[What is needed] One range is to be output from the listing below, exactly as written: the line with "Building Photo - 495 Orange Ave" to the line with "المصريون العائدن من ليبيا المصريون", both kept.
:::
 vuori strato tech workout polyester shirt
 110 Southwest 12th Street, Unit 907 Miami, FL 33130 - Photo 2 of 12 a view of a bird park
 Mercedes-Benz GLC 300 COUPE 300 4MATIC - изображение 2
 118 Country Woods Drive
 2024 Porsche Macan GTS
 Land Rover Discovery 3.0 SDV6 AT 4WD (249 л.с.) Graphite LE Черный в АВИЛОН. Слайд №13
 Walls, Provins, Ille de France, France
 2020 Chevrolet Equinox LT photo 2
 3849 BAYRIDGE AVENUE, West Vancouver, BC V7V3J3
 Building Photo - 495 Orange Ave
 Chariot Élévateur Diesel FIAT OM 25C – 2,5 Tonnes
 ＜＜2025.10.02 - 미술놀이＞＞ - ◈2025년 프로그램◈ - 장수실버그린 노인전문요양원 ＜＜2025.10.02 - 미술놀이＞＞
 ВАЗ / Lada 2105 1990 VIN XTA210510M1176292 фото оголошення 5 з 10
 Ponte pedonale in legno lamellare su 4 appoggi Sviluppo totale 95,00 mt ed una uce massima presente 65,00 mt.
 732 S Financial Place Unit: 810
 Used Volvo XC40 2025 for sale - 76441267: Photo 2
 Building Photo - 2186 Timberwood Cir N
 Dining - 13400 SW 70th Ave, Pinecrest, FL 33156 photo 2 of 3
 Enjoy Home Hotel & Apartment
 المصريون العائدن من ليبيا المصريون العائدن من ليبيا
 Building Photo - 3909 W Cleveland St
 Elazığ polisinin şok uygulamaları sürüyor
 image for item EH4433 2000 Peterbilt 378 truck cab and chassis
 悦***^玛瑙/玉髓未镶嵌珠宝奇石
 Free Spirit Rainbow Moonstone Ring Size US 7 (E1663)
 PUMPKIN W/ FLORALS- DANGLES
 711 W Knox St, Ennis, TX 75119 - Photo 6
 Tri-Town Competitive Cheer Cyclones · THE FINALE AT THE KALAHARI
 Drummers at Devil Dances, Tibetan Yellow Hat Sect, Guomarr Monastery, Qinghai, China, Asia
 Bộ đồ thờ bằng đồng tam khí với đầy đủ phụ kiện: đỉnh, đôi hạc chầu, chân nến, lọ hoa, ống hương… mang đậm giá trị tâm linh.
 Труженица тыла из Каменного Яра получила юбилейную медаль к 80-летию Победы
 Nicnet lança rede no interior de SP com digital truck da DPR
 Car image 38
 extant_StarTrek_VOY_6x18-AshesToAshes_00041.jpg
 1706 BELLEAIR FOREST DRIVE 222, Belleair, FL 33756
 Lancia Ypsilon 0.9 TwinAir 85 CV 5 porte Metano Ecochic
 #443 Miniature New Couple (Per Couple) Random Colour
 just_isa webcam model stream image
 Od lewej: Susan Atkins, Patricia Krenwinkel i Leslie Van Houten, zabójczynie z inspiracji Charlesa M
:::
[Output of the task]
 Building Photo - 495 Orange Ave
 Chariot Élévateur Diesel FIAT OM 25C – 2,5 Tonnes
 ＜＜2025.10.02 - 미술놀이＞＞ - ◈2025년 프로그램◈ - 장수실버그린 노인전문요양원 ＜＜2025.10.02 - 미술놀이＞＞
 ВАЗ / Lada 2105 1990 VIN XTA210510M1176292 фото оголошення 5 з 10
 Ponte pedonale in legno lamellare su 4 appoggi Sviluppo totale 95,00 mt ed una uce massima presente 65,00 mt.
 732 S Financial Place Unit: 810
 Used Volvo XC40 2025 for sale - 76441267: Photo 2
 Building Photo - 2186 Timberwood Cir N
 Dining - 13400 SW 70th Ave, Pinecrest, FL 33156 photo 2 of 3
 Enjoy Home Hotel & Apartment
 المصريون العائدن من ليبيا المصريون العائدن من ليبيا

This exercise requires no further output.